From March until August 201 the Belgian fashion designer Dries van Noten’s creations are shown at the Musée des Arts Décoratifs in Paris.
Dries van Noten and Vassarely
Dries van Noten takes us – during this unique exhibition – on an intimate trip into his creative universe. The visitor discovers his special talents, illustrated from various and different sources of inspiration from all over the world. Photographs, videos, music as well as works of art from known artists that have inspired the designer are also exposed.
Both parents were in the textile branch and early on they triggered Dries van Noten’s interest for fashion. He studied fashion design at Antwerpen Art School. Just a few years after his exam in 1986, he launched his own brand.
Together with a group of young Belgian avant-garde fashion designers – called the ”Antwerpen Six” – he presented his first men’s collection in London the same year.

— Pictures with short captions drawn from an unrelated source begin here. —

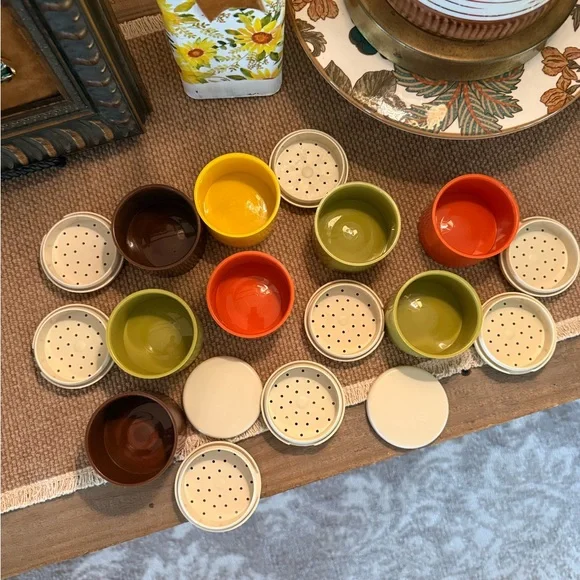 vintage Tupperware stacking spice shakers in harvest colors 1970s kitchen retro - Picture 5 of 6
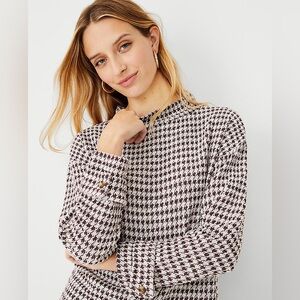 Ann Taylor mock neck sweaterer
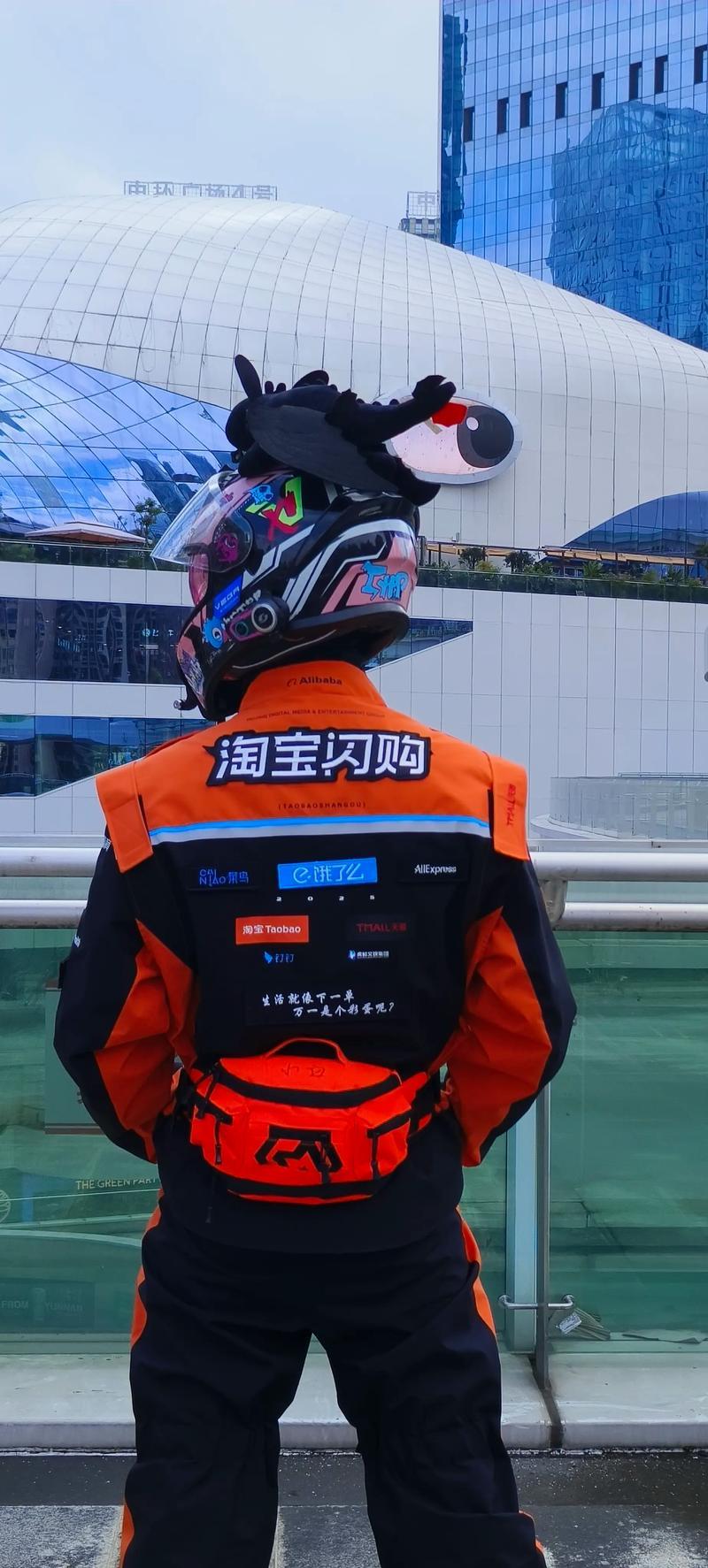 淘宝闪购骑手工作服赢得了法国设计金奖！
7月10日，法国设计奖公布了获奖名单，获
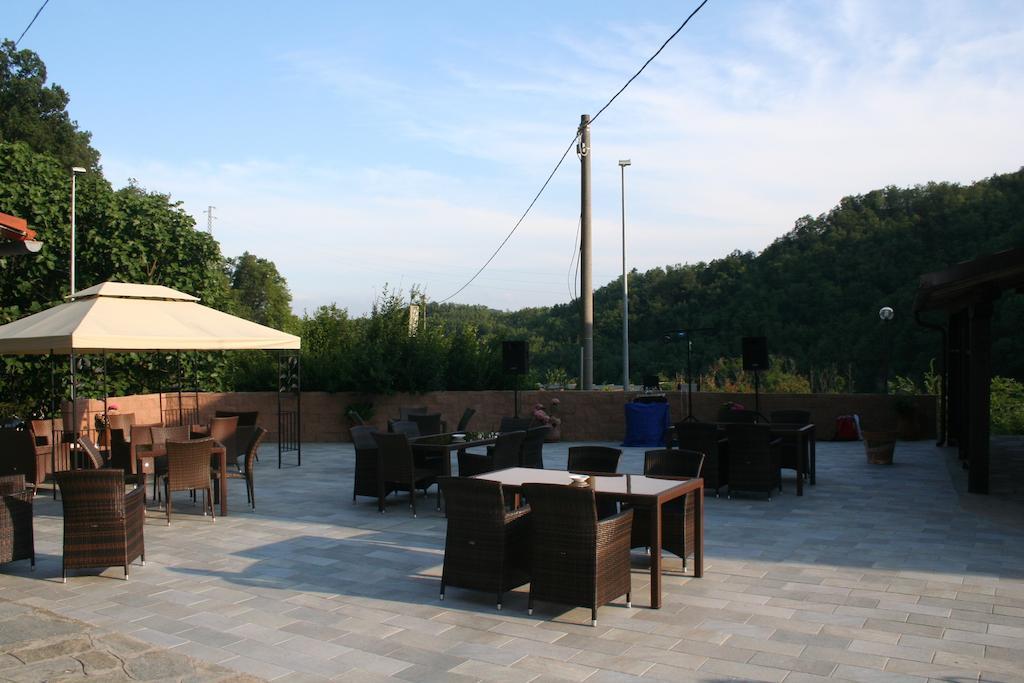 Agriturismo Cascina Del Vai Cairo Montenotte Eksteriør bilde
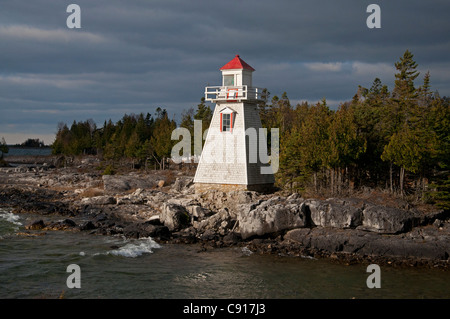 Ein Sonnenstrahl trifft den Leuchtturm South Baymouth, Manitoulin Island, Ontario. Stockfoto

Dries van Noten is unique in that he has combined fashion with art from different epochs. He refers also to other cultures attached to memories from his own experiences. His collections don’t only reflect his phantasies and dreams of exotic places but also stem from ethnical- Indian- Chinese- African and Mexican traditions. It’s essentially in the textiles that I found these exotic influences in this year’s spring and summer collection.
The 2009 winter collection for women was based on paintings of Francis Bacon, while the men’s collection was inspired by a painting of Elizabeth Peyton (Democrats are more Beautiful, 2001). But his sources of inspiration might as well come from a special colour, feeling or atmosphere…
Just as Jean-Paul Gaultier he doesn’t mind mixing men’s and women’s clothes. He can dress men in cloth traditionally used for women (like lace for example) and makes his women’s cloths using masculine cuts.
The excellence that every creator strives after culminates during the fashion shows.
Dries van Noten’s shows are suited to his creations among several being considered the best in the world. He chooses unusual places always related to his collections like for example the Paris Indian quarter (Passage Brady in the 10th), the Palais Royal’s fountain, or around a gigantic banquet…
He has also collected antique and exotic objects suited for the collections.
This exhibition shows the entire spectrum of his genial creativity with a mix of historical, imaginary, ethnical, filmic, musical and geographical references. His creations are shown parallel to a few chosen ones by Elsa Schiaparelli and Christian Dior, as well as some designers from the 80s and art works by Yves Klein, Victor Vassarely, Francis Bacon, Elizabeth Payton and Damien Hirst. Films like Stanley Kubrick’s Clockwork Orange and Jane Campion’s The Piano also contribute to make this fashion show to something more than fashion.
Maybe the public will discover that fashion isn’t something frivol and superficial but an art form in itself?